When God gave me the vision to start this band, I was filled with excitement because it has always been my dream to use my skills of playing guitar and singing for the change in the lives of many. To bring them to God. I play in the and not just for fun but also for a deeper purpose and a calling that God has placed in my heart.
God has been revealing his plans to me to minister among the people who are unreached and desperate for help and rescue. Those people whom others may not even want to be near to, and may look down at or even hate them. I believe this is my calling and God is preparing me for this work, and this band is the tool that I see to accomplish this little vision of mine.

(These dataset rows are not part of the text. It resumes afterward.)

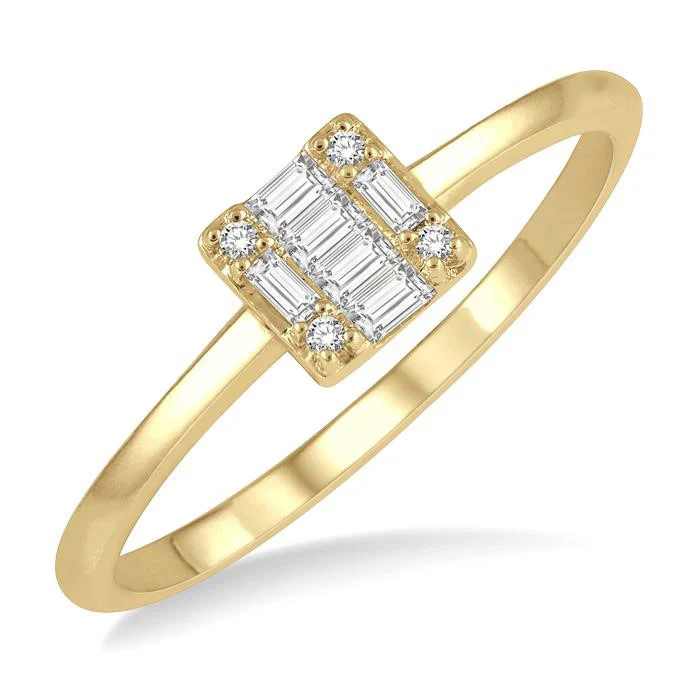 A diamond fashion ring available at Dunkin’s Diamonds.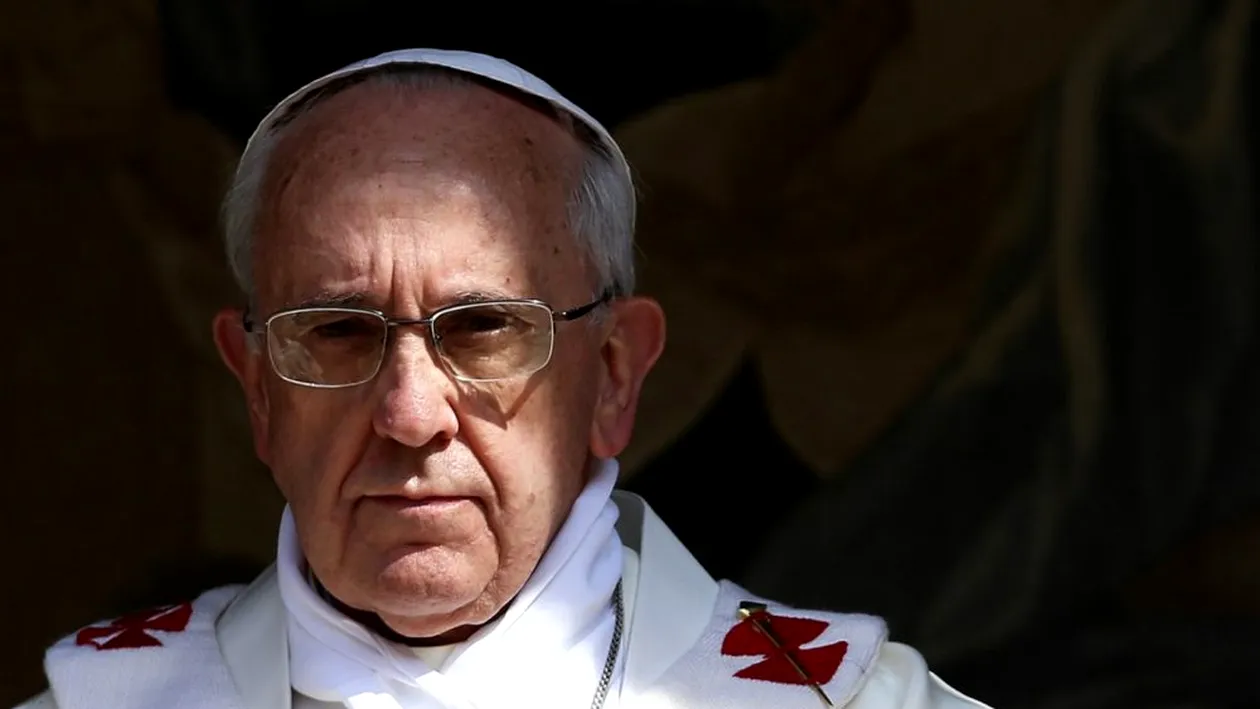 Papa Francisc le-a cerut scuze victimelor abuzurilor sexuale: ”Am simţit că suferea!”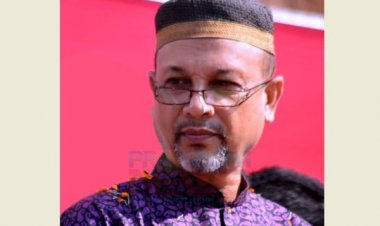 গাড়ি সাইড না দেয়ায় ব্যবসায়ীকে মঞ্চে ডেকে প্রকাশ্যে মারধর করলেন এমপি রিমন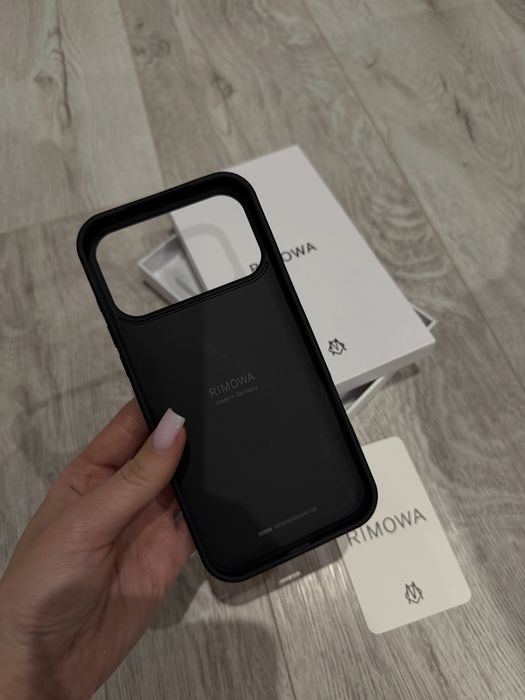 Чохли Rimowa на 17 pro max чорний і сірий,гортай)
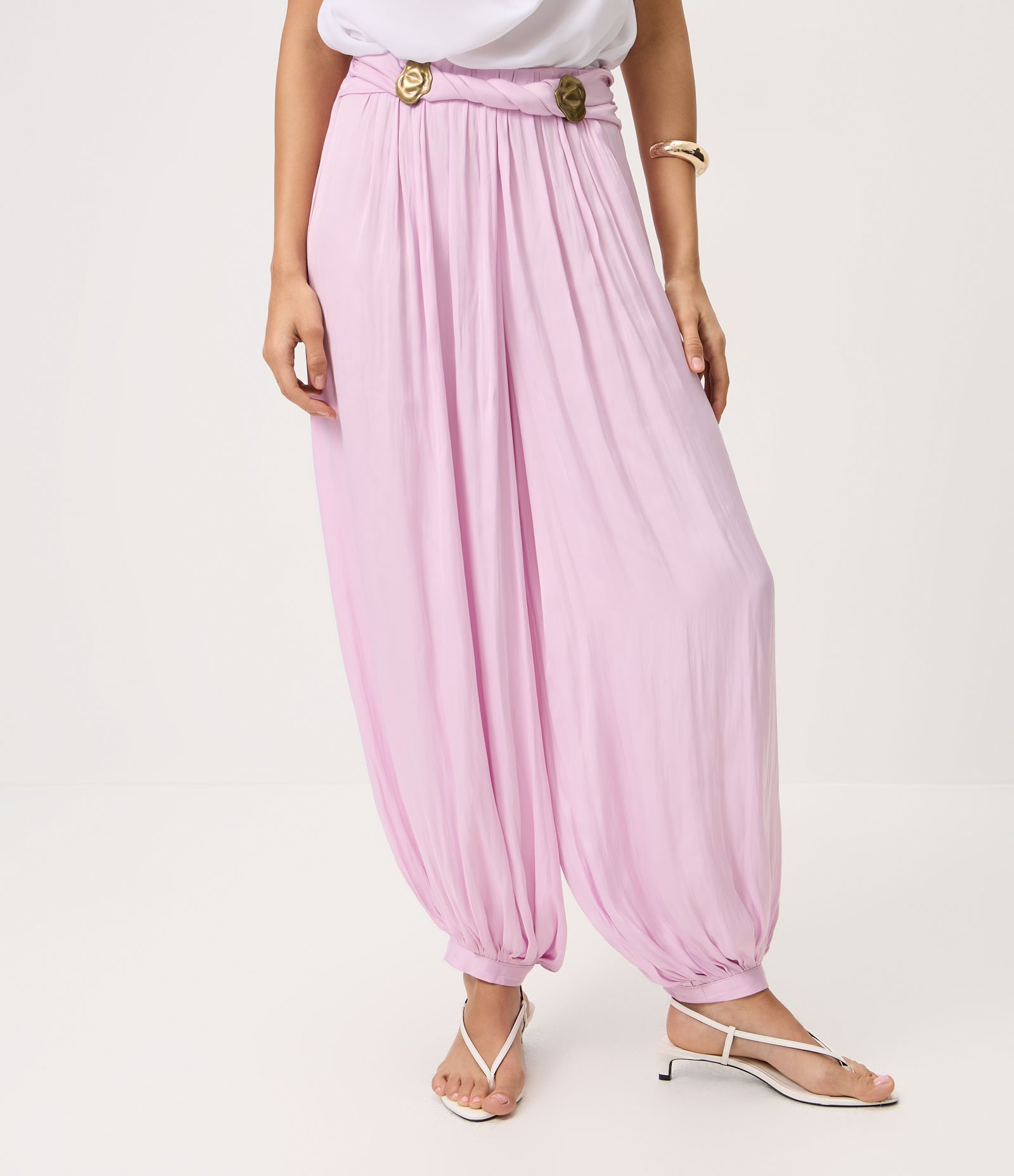 Calça Aladim Acetinada com Aplicação Metálica no Cós Rosa 3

Tipskhem (Rhythm guitar/vocals)
My Story
I was raised in a Christian family since childhood. I grew up in a Christian community, been in church activities, and I'm always in the music ministry or anything that is relating to music. I gave my life to the Lord Jesus when I was in 10 grade in school and was baptized the same year. Living under God’s guidance and presence is a privilege that I never deserve as a sinful man. It’s the safest place in the world where u would find peace, the fruit of the spirit (galatians 5:22). But I never proclaim that I’m a perfect person I had made mistakes in my life earlier and still am, but God Grace and Mercy are new every morning. I still sometimes slip and fall but God is shaping and molding me. The work that he has started in me He will take it to completion and I firmly believe in it.
My goal as a member of Laminin is to give back what God has given me, to do my best to win many souls through the ministry of our band.